Risks of sedating a toddler
Risks of sedating a toddler - Adult avenue 1
For this reason, it is important for all practitioners to understand the complexities of the sedation process, including the sedation safety standards, the issues addressed during the pre-sedation evaluation, the risks and benefits of some commonly used sedatives and analgesics, and the importance of the discharge process.
Exposure to infectious diseases should be recorded.
Administering sedatives to children to facilitate performing therapeutic or diagnostic procedures is a growing practice in hospital and outpatient settings.
Procedures for which sedatives are given include diagnostic imaging studies, laceration repair, foreign body removal, spinal taps, and orthopaedic procedures.
In addition to being prepared for airway and cardiovascular emergencies, the qualified sedation practitioner must ensure: For the purposes of initiating monitoring and for providing the necessary personnel, all patients should be considered deeply sedated until they have demonstrated a stable lesser level of sedation.
Patients who fulfill moderate sedation criteria may then be monitored at that level of intensity until they recover.
Rather, patients are to be sedated and then continuously evaluated with respect to their actual (not intended) level of consciousness, presence or absence of protective reflexes, and response to painful stimuli.
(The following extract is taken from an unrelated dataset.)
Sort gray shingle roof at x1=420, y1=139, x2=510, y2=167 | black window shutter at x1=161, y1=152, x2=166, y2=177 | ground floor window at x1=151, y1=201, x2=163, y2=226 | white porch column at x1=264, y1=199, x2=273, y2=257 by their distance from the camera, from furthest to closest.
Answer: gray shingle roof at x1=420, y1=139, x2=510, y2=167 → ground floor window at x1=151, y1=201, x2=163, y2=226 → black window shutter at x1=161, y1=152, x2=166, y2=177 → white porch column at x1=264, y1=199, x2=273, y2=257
Based on such continuous evaluation, the patient is described as being in one of the following states of sedation: 1) anxiolysis, 2) mild sedation, 3) moderate sedation, 4) deep sedation, 5) general anesthesia.The cardiovascular assessment should elicit information about congenital heart defects, heart murmurs, presence of a pacemaker, previous cardiovascular surgical procedures, cyanosis, fatigue, and failure of growth.Neurological evaluation includes notation of shunts, neurological abnormalities and seizure disorder.(See Table 1 for equipment that must be present in the sedation area for all levels of sedation.) Before sedatives are administered, the designated practitioner must be onsite and must have interviewed and examined the patient.No sedatives can be given at home or in transit to the facility where a procedure will be performed.At least 1 day prior, the family must be informed about pre-sedation requirements, the sedation process itself, the recovery process, the possibility of an overnight stay, and the post-sedation care requirements.